Records excerpted from a collection:
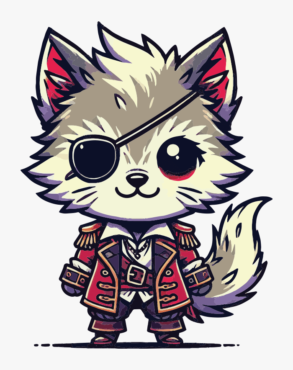 Capitaine loup pirate / illustration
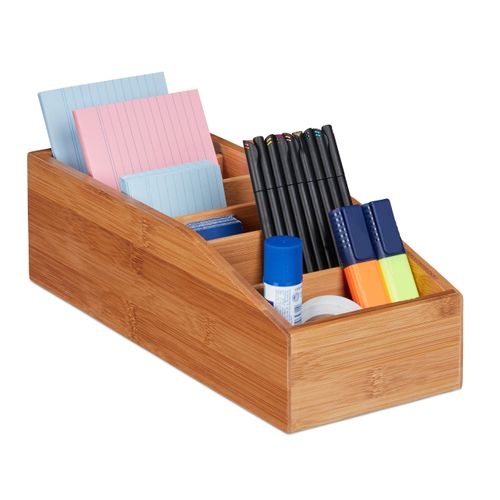 4x Boîtes De Rangement Bambou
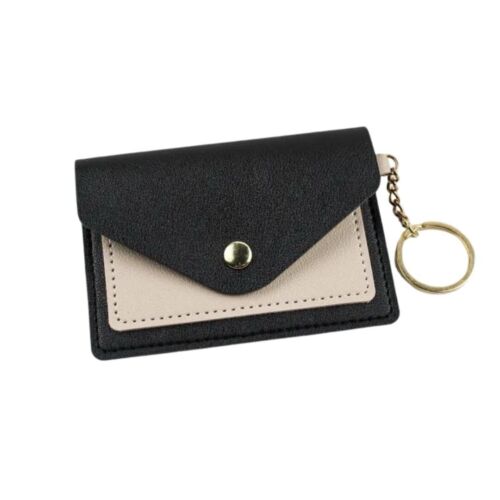 Black And Beige Card Holder /Wallet/Keychain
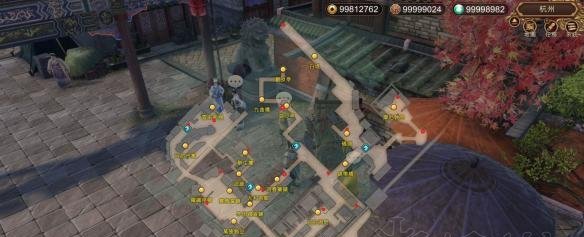 天命奇御开封坛子在哪里?开封+洛阳+杭州坛子位置地图标注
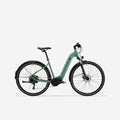 ROCKRIDER Low Frame Mid-Drive Motor Electric Hybrid Bike E-ACTV 500 - Beige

■ YOUR OBJECTIVE
Your copy should repeat each entry above exactly but contain no pictures.

■ SOLUTION FOR THIS EXERCISE
 Capitaine loup pirate / illustration
 4x Boîtes De Rangement Bambou
 Black And Beige Card Holder /Wallet/Keychain
 天命奇御开封坛子在哪里?开封+洛阳+杭州坛子位置地图标注
 ROCKRIDER Low Frame Mid-Drive Motor Electric Hybrid Bike E-ACTV 500 - Beige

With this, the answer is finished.